General information
- Location: Pak Phli Subdistrict, Pak Phli District Nakhon Nayok Province Thailand
- Coordinates: 14°04′27″N 101°18′55″E﻿ / ﻿14.0742°N 101.3153°E
- Operator: State Railway of Thailand
- Manager: Ministry of Transport
- Line: Aranyaprathet Main Line
- Platforms: 1
- Tracks: 2

Construction
- Structure type: At-grade

Other information
- Station code: าป.
- Classification: Class 3

Services
| Preceding station | State Railway of Thailand |  |  | Following station |
| Nong Nam Khao Halt towards Hua Lamphong |  | Eastern Line |  | Prachinburi towards Poipet (Cambodia) |

Location

= Ban Pak Phli railway station =

Railway station in Thailand

Ban Pak Phli station (สถานีบ้านปากพลี) is a railway station located in Pak Phli Subdistrict, Pak Phli District, Nakhon Nayok Province.
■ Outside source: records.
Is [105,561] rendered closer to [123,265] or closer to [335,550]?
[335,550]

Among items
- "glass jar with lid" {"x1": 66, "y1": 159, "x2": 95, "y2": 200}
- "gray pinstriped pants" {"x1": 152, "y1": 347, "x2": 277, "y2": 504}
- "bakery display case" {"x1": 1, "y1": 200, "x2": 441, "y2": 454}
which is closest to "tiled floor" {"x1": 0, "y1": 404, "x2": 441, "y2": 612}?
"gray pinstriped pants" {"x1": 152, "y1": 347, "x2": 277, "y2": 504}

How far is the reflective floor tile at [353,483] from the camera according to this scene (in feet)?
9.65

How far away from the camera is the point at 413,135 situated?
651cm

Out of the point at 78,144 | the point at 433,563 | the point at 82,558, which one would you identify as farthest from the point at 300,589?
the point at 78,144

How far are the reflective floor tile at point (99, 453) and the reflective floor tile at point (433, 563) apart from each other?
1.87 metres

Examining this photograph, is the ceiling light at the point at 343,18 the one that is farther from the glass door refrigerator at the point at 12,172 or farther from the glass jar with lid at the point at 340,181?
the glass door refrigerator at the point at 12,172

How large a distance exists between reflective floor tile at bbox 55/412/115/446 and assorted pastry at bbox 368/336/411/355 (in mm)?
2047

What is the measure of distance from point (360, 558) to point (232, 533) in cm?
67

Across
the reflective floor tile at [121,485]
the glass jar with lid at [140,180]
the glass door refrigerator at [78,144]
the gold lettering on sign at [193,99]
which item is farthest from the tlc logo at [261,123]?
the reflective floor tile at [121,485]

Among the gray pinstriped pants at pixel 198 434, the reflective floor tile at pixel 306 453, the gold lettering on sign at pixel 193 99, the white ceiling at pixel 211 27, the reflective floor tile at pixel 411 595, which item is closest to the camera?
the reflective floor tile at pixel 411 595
It is a class 3 railway station located 115.28 km from Bangkok railway station. It is the de facto railway station of Nakhon Nayok Province, despite being located almost at the border of the province almost twenty kilometres from Nakhon Nayok Town. The other railway station in Nakhon Nayok is Ongkharak railway station on the Phra Phutthachai freight line.